Но Щеня понимал, что в этом случае Плеттенберг беспрепятственно отойдет в свои земли, сохранив войско для дальнейших вторжений. Над северо-западными рубежами Государства Российского, от Финского залива до литовских границ, продолжал бы нависать страшный дамоклов меч, готовый обрушиться в любой момент. В условиях продолжавшейся войны с Литвой, все еще нерешенного спора за Смоленск, подобная угроза не могла оставаться терпимой. Требовалось, используя выпавший случай, максимально обескровить Орден, заставить его надолго забыть о новых набегах – даже невзирая на риск окончательного разгрома русского войска.
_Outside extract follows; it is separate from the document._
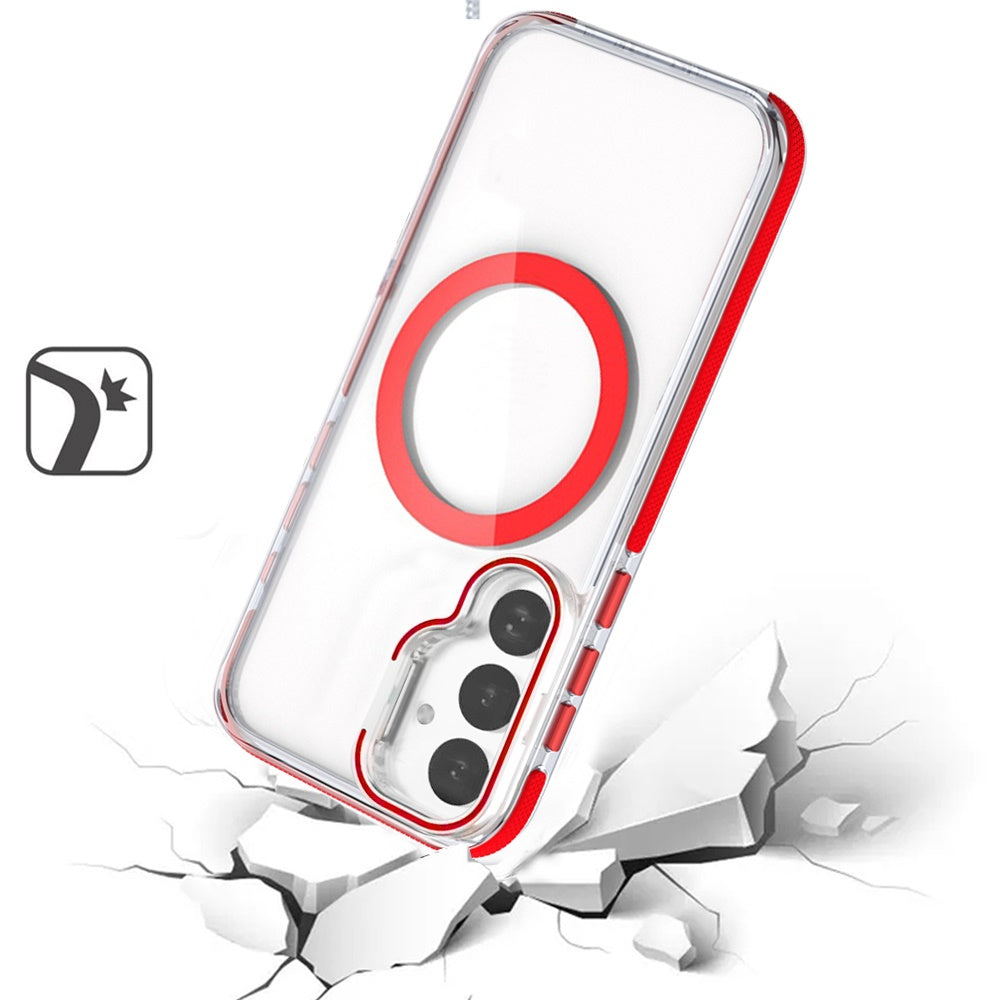 For Samsung Galaxy S22 Ultra Hybrid Clear Invisible Camera Bracket Stand [With Magsafe Magnetic Circle] Shockproof Color Frame Case Cover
Воевода приказал атаковать.

 

Когда большая часть Большого полка, составлявшего сердцевину российского войска, подтянулась к Смолино, ратоборцы – пехота и конники – ударили по немцам. Но ландмейстер, предполагавший подобный поворот событий, противопоставил россиянам новый тактический прием: теперь он встретил их не конницей, а мощной фалангой наемной пехоты, первая линия которой состояла из полутора тысяч человек, с пушками и аркебузами. Яростной и неудержимой оказалась атака московских и новгородских воинов. Относительно небольшое пространство стало ареной для кровавого театра, на котором сшиблись несколько десятков тысяч человек. Вопли ярости и боли, грохот выстрелов и звон холодного оружия слились в одну общую симфонию, дирижировала которой сама Смерть, собиравшая в эти минуты богатейшую жатву.